In 2021, Citadel Securities founder Ken Griffin said he would be “quite fine” if payment for order flow was banned. “Payment for order flow is a cost to me,” Griffin said, addressing The Economic Club of Chicago. “So if you’re going to tell me that by regulatory fiat one of my major items of expense disappears, I’m OK with that.”
In 2004, Citadel asserted that “the practice of payment for order flow creates serious conflicts of interest and should be banned … payment for order flow creates fundamental conflicts of interest that cannot be cured by disclosure.”
Virtu was a founding working group member of the Healthy Markets Association in 2015, which had as its mission to eliminate PFOF and rebates (along with eliminating off-exchange trading of retail orders with a trade-at rule). Virtu was extremely supportive of these reforms. In fact, current employees of Virtu have been clear, in both private correspondence and public forums, about the problems that PFOF presents:

- “PFOF Presents an Undeniable Conflict of Interest” 
- “PFOF is a flawed and conflict-ridden practice” 
- “Wholesalers use the press to falsely claim that they can provide retail investors with prices inside the public spread while exchanges can’t, but they often set the spread and its[sic] widening.” 
- “A ban on PFOF should lead to more competition and better prices for retail, not less” 
- “Arnuk remarked that … banning payment for order flow (PFOF) would guide our markets to the best state of price and demand as well as eliminate market fragmentation.” The Commission will hear a lot of arguments from the brokers and exchanges to preserve the status quo. These arguments will include the idea “that PFOF added lots of liquidity to the markets” and that the wholesalers are “getting investors the same prices as the “best” quotes posted on the exchanges.”
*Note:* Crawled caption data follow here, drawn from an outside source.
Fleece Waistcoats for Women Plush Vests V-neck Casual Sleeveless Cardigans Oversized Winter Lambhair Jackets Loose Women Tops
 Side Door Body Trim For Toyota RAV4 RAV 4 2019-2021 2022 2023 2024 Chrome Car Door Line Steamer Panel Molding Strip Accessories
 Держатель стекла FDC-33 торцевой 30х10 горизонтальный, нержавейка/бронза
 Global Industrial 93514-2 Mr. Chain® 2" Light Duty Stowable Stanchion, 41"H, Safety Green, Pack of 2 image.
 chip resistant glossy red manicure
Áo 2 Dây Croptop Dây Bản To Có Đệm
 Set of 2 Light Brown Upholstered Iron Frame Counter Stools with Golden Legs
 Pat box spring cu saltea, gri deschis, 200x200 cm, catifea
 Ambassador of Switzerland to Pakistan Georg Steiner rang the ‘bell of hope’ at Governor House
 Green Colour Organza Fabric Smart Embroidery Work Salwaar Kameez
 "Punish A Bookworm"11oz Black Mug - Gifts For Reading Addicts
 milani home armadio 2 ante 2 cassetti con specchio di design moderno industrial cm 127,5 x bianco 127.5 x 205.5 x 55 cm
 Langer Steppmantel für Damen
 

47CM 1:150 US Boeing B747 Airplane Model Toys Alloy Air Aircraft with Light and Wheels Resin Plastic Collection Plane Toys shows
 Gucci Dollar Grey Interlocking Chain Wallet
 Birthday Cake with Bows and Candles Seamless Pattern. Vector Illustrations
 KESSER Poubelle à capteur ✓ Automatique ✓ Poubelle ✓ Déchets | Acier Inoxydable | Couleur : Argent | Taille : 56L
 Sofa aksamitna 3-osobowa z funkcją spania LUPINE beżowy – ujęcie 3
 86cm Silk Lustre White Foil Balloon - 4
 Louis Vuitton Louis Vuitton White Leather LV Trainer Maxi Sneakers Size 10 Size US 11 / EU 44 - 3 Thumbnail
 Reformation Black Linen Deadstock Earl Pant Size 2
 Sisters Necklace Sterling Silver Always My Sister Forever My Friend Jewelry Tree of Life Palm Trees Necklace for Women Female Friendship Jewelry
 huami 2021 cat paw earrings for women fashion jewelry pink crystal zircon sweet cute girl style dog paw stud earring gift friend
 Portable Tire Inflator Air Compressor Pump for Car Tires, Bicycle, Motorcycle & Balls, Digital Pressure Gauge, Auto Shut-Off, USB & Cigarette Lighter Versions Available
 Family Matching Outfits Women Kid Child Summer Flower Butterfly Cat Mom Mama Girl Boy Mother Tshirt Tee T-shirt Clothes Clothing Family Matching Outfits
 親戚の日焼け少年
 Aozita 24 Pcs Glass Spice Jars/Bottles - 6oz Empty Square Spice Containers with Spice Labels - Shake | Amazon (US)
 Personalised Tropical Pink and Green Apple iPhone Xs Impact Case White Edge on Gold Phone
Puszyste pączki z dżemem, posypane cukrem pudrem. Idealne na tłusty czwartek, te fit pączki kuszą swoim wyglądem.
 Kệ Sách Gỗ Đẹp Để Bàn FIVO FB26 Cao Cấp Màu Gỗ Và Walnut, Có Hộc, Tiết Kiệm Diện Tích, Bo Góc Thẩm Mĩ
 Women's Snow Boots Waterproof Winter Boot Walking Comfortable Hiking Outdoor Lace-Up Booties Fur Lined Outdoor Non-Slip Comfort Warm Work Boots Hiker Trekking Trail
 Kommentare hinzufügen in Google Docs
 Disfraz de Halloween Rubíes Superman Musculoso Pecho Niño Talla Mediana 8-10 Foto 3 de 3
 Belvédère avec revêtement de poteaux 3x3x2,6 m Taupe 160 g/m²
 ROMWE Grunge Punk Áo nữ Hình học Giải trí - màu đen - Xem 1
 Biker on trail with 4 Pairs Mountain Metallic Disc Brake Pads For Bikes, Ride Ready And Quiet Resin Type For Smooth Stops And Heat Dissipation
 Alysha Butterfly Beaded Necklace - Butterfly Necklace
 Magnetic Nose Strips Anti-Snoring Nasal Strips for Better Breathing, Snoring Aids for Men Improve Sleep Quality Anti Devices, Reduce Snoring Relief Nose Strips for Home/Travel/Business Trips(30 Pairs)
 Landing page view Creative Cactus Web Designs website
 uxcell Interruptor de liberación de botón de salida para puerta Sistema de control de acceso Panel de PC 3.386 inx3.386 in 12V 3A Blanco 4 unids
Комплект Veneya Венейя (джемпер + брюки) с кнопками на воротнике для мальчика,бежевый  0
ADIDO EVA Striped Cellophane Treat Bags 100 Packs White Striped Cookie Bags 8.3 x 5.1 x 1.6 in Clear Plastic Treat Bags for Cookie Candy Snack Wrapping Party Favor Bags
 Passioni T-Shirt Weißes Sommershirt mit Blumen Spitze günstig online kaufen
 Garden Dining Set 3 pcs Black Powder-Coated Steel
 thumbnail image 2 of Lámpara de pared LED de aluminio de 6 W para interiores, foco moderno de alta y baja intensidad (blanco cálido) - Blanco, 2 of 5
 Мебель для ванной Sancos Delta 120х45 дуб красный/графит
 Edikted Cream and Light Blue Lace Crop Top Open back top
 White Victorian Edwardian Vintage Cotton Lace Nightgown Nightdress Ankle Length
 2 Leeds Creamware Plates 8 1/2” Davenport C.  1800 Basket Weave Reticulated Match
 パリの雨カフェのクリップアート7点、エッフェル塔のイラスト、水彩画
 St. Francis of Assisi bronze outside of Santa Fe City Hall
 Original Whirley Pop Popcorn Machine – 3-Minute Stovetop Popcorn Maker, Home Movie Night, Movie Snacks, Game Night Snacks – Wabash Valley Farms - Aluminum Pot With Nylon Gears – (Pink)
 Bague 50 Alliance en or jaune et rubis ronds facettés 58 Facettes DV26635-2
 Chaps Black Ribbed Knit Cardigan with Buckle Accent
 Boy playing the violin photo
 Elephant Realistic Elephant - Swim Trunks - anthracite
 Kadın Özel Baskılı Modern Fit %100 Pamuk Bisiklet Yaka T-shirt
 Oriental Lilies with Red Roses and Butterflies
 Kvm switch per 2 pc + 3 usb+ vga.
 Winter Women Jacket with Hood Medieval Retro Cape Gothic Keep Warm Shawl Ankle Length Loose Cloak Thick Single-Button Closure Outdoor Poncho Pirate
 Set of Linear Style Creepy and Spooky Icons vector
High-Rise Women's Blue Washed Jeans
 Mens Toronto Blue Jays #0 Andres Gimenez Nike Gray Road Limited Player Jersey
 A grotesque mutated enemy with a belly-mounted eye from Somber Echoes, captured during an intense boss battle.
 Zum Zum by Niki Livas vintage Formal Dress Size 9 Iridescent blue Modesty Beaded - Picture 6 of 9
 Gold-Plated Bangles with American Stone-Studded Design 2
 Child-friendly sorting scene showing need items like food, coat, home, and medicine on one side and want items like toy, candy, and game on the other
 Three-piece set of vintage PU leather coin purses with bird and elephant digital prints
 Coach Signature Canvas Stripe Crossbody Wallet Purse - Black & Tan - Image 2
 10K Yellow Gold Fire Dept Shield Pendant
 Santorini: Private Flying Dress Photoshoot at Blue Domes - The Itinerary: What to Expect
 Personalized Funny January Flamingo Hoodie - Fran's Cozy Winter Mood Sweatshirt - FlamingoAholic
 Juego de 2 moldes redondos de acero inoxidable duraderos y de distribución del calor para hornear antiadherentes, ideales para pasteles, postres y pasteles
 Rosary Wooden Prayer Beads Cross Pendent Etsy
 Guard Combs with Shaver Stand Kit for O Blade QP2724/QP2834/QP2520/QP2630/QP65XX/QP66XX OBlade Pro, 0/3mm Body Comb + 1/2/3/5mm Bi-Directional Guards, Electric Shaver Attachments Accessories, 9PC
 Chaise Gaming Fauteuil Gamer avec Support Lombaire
Those arguments are direct quotes from Bernie Madoff.
Fortunately, as demonstrated above, some of the best arguments in favor of banning PFOF come from the brokers and exchanges themselves.
Our Duty to Best Execution
It’s time to turn the page. The inducements and incentives underlying PFOF distort order routing and violate the principles and duty of best execution. In doing so, PFOF undermines the fairness, simplicity, and transparency of the markets, creating a warped system in which investors are unable to find each other or interact directly, and in which their orders are productized for the benefit of high-speed speculators and rent-seekers.
There are few reasons to preserve the current system and numerous compelling reasons to put an end to this deeply unequal practice. Chief among them, the duties outlined by Best Execution denote that we are legally obligated to do so.